Du côté du travail éditorial aussi, il y a un mieux: "Ma vie avec la mort" comprend beaucoup moins de coquilles et de soucis typographiques que "Raklur", et son écriture soignée permet une meilleure visualisation de ce qui se passe. Tout bénéfice pour l'agrément du lecteur!
Et puis il y a le double sens du titre: en sa qualité de médecin légiste, Max est habitué à côtoyer le versant maîtrisé de la mort chaque jour de sa vie professionnelle. Que va-t-il lui arriver lorsqu'il va devoir vivre au quotidien avec une menace de mort directe, sans qu'il ne puisse guère la maîtriser?

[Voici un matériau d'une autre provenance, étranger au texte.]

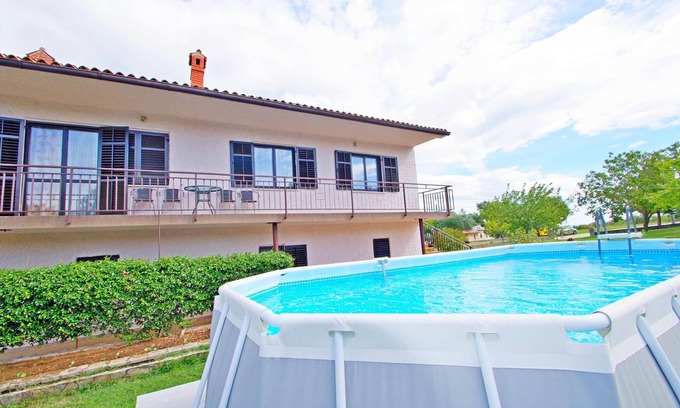 Sajini Apartment | Peaceful Holiday Apartment "Genio" in the Charming Village of Škitača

Un exercice d'équilibriste
J'ai dit que l'auteur était inventif. Il a réussi à créer un personnage de criminel particulièrement odieux, le Taxidermiste, qui, comme son nom l'indique, fourre de la paille et des objets dans le corps de ses victimes après les avoir tuées sauvagement. Comme il est sympa, il envoie aussi des cartes postales... Tout démarre lorsque Max, peut-être un peu trop honnête, donne au tribunal un témoignage qui allège la peine dudit Taxidermiste. On notera aussi la présence d'un personnage en fauteuil roulant, paralysé du haut en bas.

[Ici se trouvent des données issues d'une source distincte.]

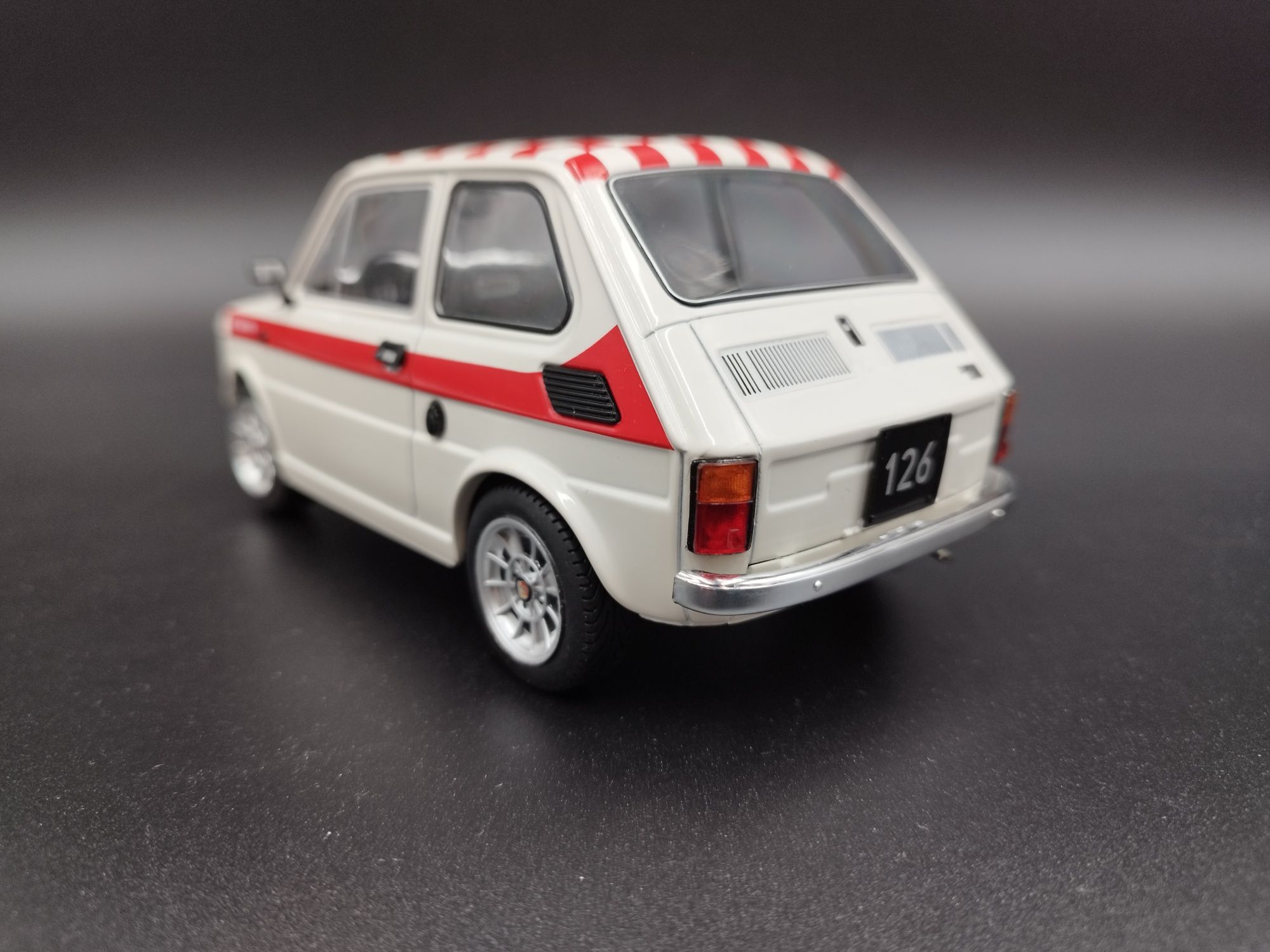 1:18 MCG 1972 Fiat 126 Abarth  Maluch model nowy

Tout le roman va dès lors se construire comme la montée inexorable d'une tension. Cela, sur des péripéties hétéroclites qui vont déconcerter le lecteur. Citons-en quelques-unes: Max et sa famille sont expédiés à Bandol, Max est aux prises avec son banquier au sujet de l'ouverture et de l'approvisionnement d'un compte en Suisse (Jérôme Cahuzac, sors de ce corps!), et les cartes postales reviennent. Cette fois, la cible, c'est Max.
Vraiment? L'auteur joue avec succès un jeu d'équilibriste, suggérant que Max peut être la victime du Taxidermiste, évadé, ou la victime de sa paranoïa, voire d'autre chose. Les réponses n'arrivent qu'en fin de roman - certaines un peu faciles (certains éléments n'auraient jamais vraiment existé), d'autres parfaitement éclairantes. Cela, jusqu'à la dernière balle...
Quant aux éléments qui donnent des couleurs au roman, ce sont les lieux qui se trouvent entre Lyon et la Loire, évoqués comme un décor discret. De manière plus massive, le lecteur cinéphile appréciera les innombrables références au cinéma, régulièrement explicitées, que l'auteur dissémine dans son propos. Notons encore, enfin, que l'auteur parvient à recycler certains éléments de "Raklur", ce qui fera sourire ceux qui le suivent...
Enfin, il y a le style, simple et efficace, comme il se doit pour un thriller de cet acabit. Force est de constater qu'on retrouve, avec "Ma vie avec la mort" et après "Raklur", la plume d'un écrivain qui a le chic pour empoigner son lecteur pour ne plus le lâcher.
Sébastien Bouchery, Ma vie avec la mort, Veauche, Eastern Editions, 2013.